_PROBLEM DESCRIPTION_:
Using the records below, write out only the lines from the line containing "Monsgeek M1W Wireless Barebone Kit, Silver" up to and including the line containing "Disney princesses transformed", exactly, with no pictures.

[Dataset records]
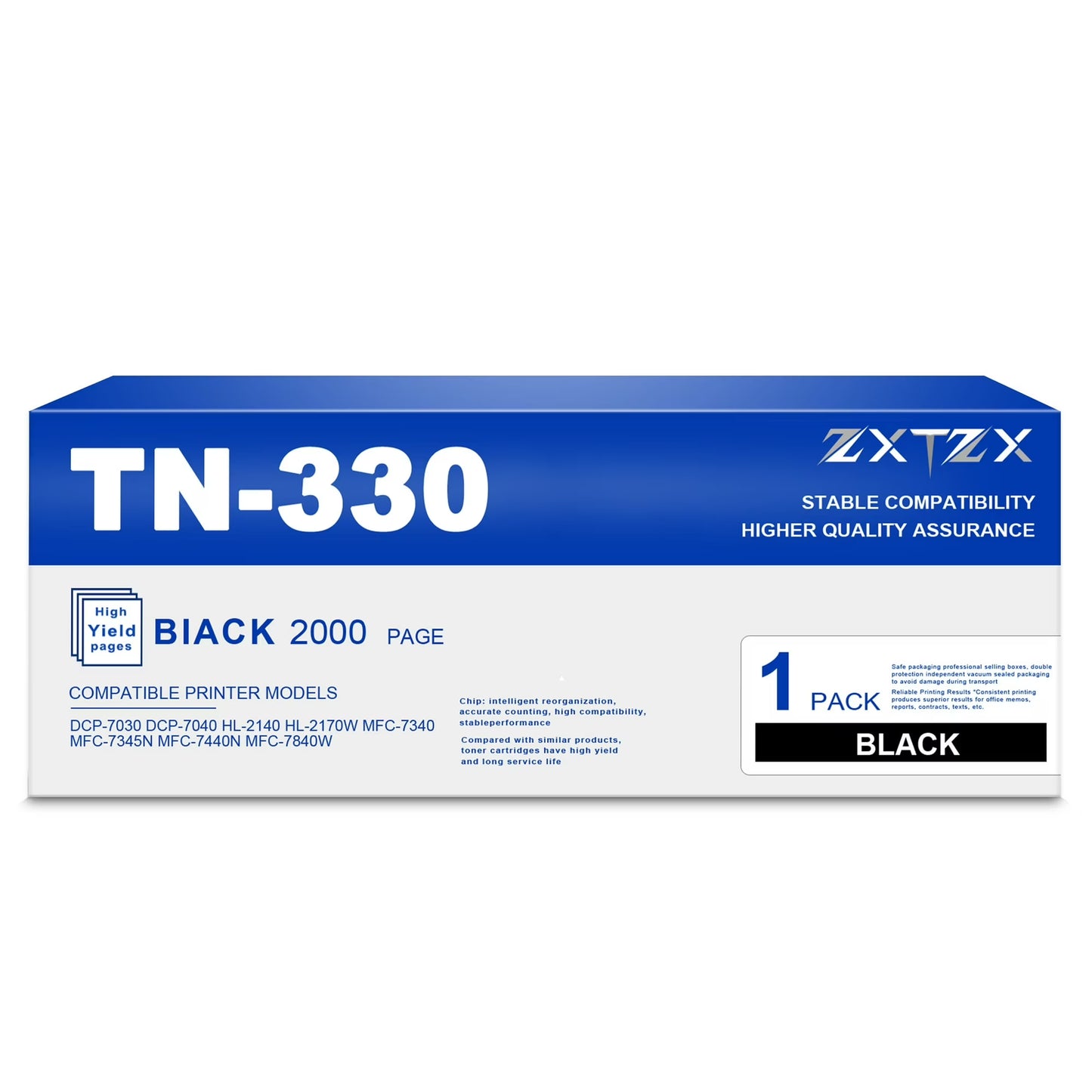 TN330 Toner Cartridge for Brother TN330 Toner Cartridges DCP-7030 HL-2140 MFC-7840W Printer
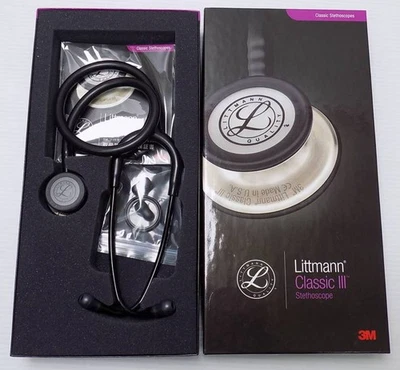 Littmann Classic III 5803 Black Edition with Tracking# New Japan - image 1 of 3
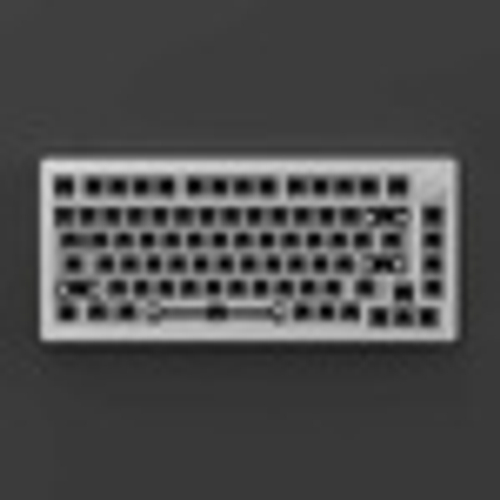 Monsgeek M1W Wireless Barebone Kit, Silver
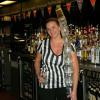 Here is JAMIE, another one of
the fine bartenders at the Firehouse doing a balancing 
act with a lot of beer glasses.
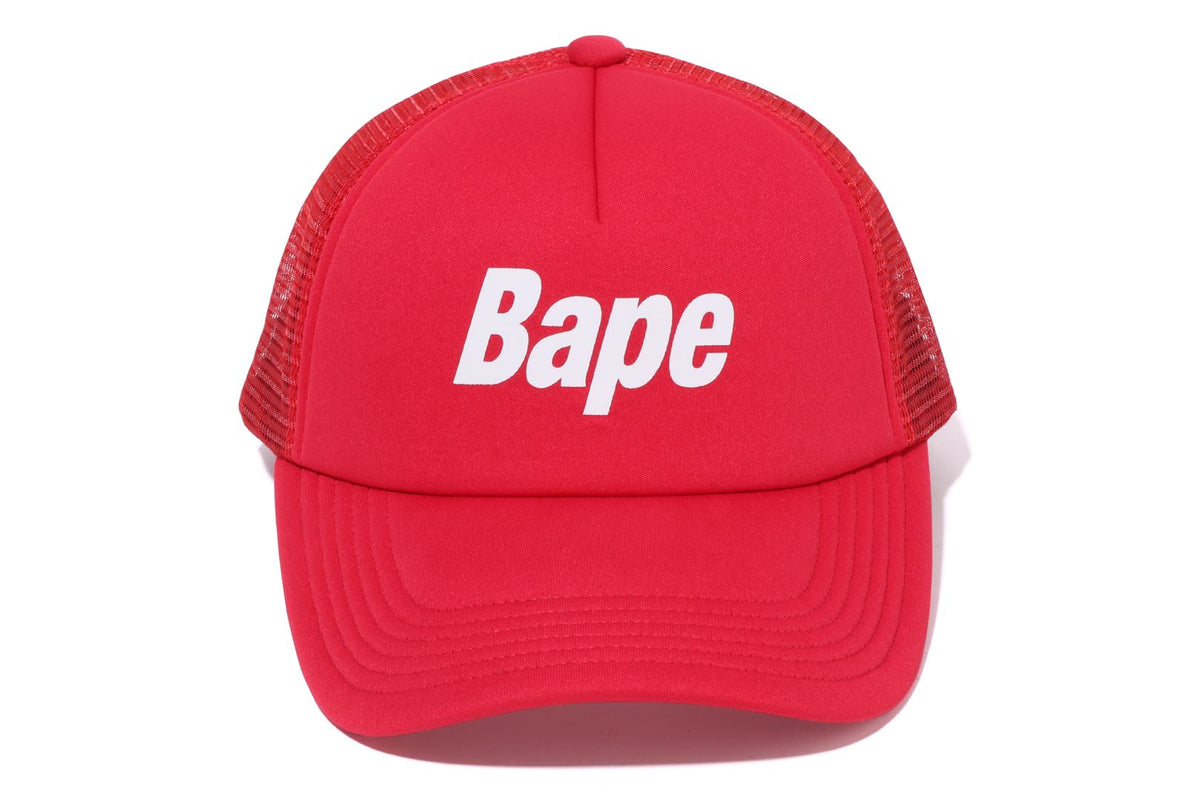 BAPE BAPE BAPE LOGO MESH CAP 帽子 商品画像 2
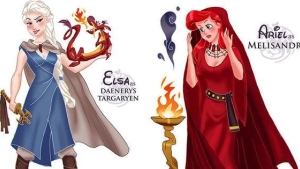 Illustration : "12 Disney princesses transformed into “Game of Thrones” characters!"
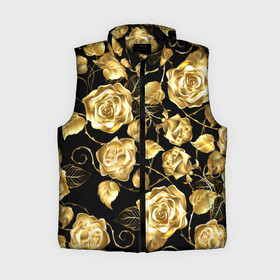 Женский жилет утепленный 3D с принтом Golden Roses в Белгороде,  |  | flower | flowers | gold | golden | luxe | luxery | pink | rose | золотая | золото | красивая | мода | прикольная | приятная | роза | розовая | стильная | тренд | цветок | цветы | цвточки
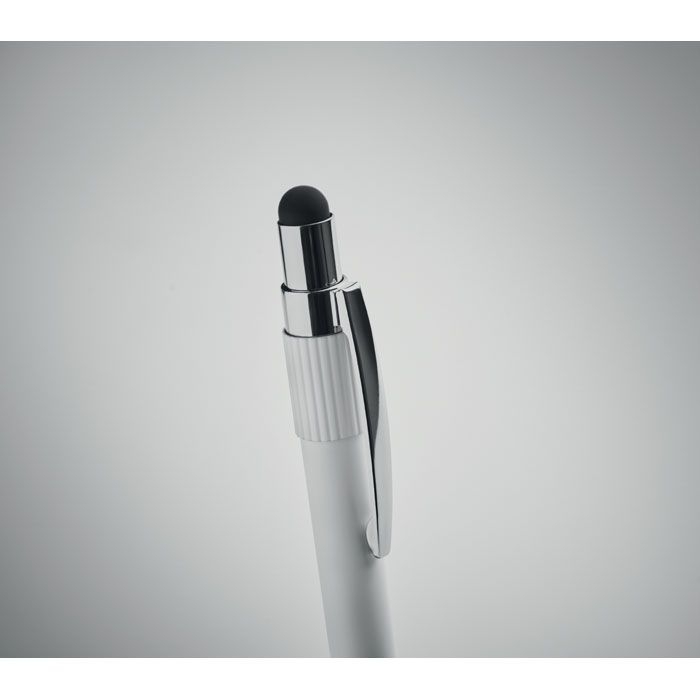 MO2488-06Edd Druckkugelschreiber mit Stylus_ weiss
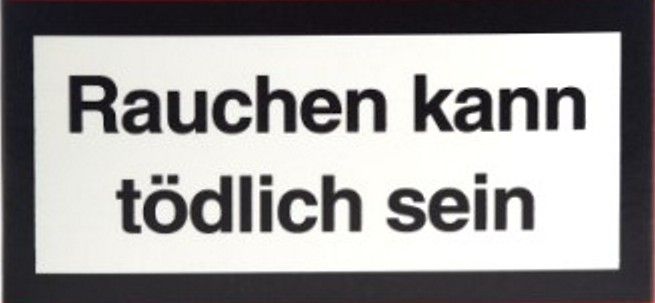 Warnschild Text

_RESULT OF THE TASK_:
 Monsgeek M1W Wireless Barebone Kit, Silver
 Here is JAMIE, another one of
the fine bartenders at the Firehouse doing a balancing 
act with a lot of beer glasses.
 BAPE BAPE BAPE LOGO MESH CAP 帽子 商品画像 2
 Illustration : "12 Disney princesses transformed into “Game of Thrones” characters!"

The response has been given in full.